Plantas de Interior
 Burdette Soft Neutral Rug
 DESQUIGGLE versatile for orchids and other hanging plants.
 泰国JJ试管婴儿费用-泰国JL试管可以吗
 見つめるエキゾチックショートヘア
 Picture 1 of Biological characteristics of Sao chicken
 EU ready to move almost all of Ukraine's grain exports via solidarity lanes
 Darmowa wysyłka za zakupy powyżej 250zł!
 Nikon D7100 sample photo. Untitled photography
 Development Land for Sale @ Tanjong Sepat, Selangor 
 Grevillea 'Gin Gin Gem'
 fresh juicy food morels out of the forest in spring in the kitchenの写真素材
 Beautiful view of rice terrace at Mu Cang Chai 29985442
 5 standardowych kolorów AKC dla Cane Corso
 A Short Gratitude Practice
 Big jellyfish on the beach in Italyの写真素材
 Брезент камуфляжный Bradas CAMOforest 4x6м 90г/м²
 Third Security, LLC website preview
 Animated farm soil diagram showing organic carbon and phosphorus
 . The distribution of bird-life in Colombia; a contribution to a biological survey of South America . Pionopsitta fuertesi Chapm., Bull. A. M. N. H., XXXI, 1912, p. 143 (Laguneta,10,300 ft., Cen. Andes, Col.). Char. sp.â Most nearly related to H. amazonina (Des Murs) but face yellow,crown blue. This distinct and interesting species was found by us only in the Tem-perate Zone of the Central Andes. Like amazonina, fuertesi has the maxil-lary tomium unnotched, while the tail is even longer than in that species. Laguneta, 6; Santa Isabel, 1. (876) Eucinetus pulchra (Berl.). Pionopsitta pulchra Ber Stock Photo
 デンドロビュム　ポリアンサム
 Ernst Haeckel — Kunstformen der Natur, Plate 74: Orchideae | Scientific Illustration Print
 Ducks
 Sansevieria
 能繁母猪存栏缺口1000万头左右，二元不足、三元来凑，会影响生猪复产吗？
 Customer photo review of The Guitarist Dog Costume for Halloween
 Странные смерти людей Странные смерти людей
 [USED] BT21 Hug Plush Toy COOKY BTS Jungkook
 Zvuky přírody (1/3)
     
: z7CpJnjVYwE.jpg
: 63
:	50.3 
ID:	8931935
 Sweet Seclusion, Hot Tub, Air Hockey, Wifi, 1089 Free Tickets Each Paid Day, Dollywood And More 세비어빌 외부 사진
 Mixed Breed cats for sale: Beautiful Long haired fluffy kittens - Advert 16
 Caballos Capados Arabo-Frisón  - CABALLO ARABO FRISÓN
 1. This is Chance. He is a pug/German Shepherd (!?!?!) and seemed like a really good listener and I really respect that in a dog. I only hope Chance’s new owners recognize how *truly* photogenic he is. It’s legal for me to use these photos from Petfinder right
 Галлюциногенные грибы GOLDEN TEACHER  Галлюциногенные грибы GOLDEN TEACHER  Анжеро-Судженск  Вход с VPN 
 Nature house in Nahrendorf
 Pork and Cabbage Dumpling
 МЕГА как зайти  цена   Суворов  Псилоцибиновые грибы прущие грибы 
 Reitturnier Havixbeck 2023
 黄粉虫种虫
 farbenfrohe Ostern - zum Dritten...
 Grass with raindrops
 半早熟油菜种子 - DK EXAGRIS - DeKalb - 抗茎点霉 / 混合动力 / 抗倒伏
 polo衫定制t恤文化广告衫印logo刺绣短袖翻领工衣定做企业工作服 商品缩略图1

* _Task description_
Starting at the first line of the listing, retype every line up to and including the one with "Picture 1 of".

* _Solution for this problem_
Plantas de Interior
 Burdette Soft Neutral Rug
 DESQUIGGLE versatile for orchids and other hanging plants.
 泰国JJ试管婴儿费用-泰国JL试管可以吗
 見つめるエキゾチックショートヘア
 Picture 1 of Biological characteristics of Sao chicken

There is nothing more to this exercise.